BILL ALBERTINI
This work is one of a series of images of three models that Albertini built in 2002 and 2003, based on the imagery from the 1972 Soviet sci-fi film Solaris by Andrei Tarkovsky. The film depicts the memories and fantasies of the occupants of a space station in orbit around the planet Solaris, acting as an overall metaphor for the weakening quality of life in the Soviet State. Albertini's visual representations of the film act as a commentary on how technologies of digital imaging and reproduction become the source of new ideas and imagined situations.
JAN KOPP
In his photographs, Jan Kopp pulls us into a pataphysical world, Alfred Jarry's term for the poetic and unstable world of referents and pointers separated from reality.
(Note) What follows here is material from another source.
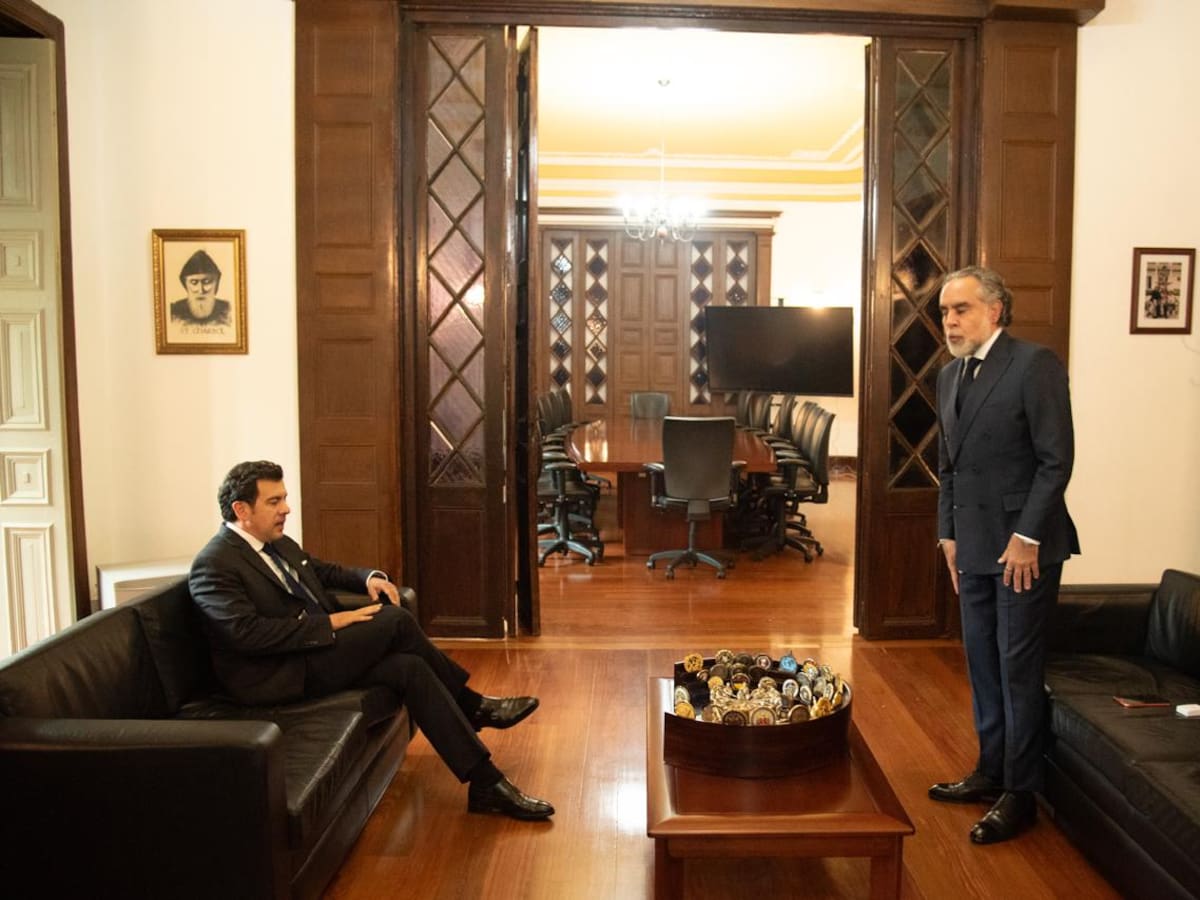 Empalme en MinInterior: así fue el encuentro entre Rodrigo Lara y Armando Benedetti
The modular nature of his images remind us of Wittgenstein's famous remark from the Tractatus Philosophicus, stating that "the form is the possibility of the structure." One is constantly confronted by both the familiarity of these structures, while simultaneously being unsure of their true nature.
SERVANE MARY
As part of a series of women's portraits made with tempera on wood, this work exemplifies the artist's focus on the visual language of portraiture. Servane Mary has skillfully reproduced faces taken from magazines and placed them on a plain background, omitting any formal figuration. In this way, the emotions shown on the women's faces become the subject matter of the work, creating a profound style of representation that rises above the genre of portraiture.
CURTIS MITCHELL
When Curtis Mitchell entered the art scene in the 1980s with his own kind of process art, he was known for altering prefabricated materials and found objects with dirt, glass, and even chemicals. In his latest series entitled "Meltdowns," Mitchell abandons objects for large-scale images. These prints are produced on photographic paper and treated with chemicals to create gorgeous patterns of light drips and streaks.
LYLE STARR
Lyle Starr's brightly colored, puzzle-like paintings inspire reflection on the mediated reality of daily life. In their overlapping and interlocking parts, Starr locates the fragments of a culturally defined "self," creating works in which the individual is both lost and found. Achieved through the use of opaque areas of color and the careful management of space, the transparent imagery causes the collapse of signs and objects, guiding us to see through them to ourselves.
PAWEL WOJTASIK
With his twenty-two minute video,The Aquarium, 2006, Pawel Wojtasik makes a powerful statement about the devastating impact man has on the environment. Filmed in Alaska's Resurrection Bay, near Prince William Sound (where the Exxon Valdez dumped eleven million gallons of heavy crude oil in 1989), and at the Alaska SeaLife Center aquarium in Seward (built by Exxon in 1998 in an attempt to repair its public image), The Aquarium hauntingly examines the domestication of marine life.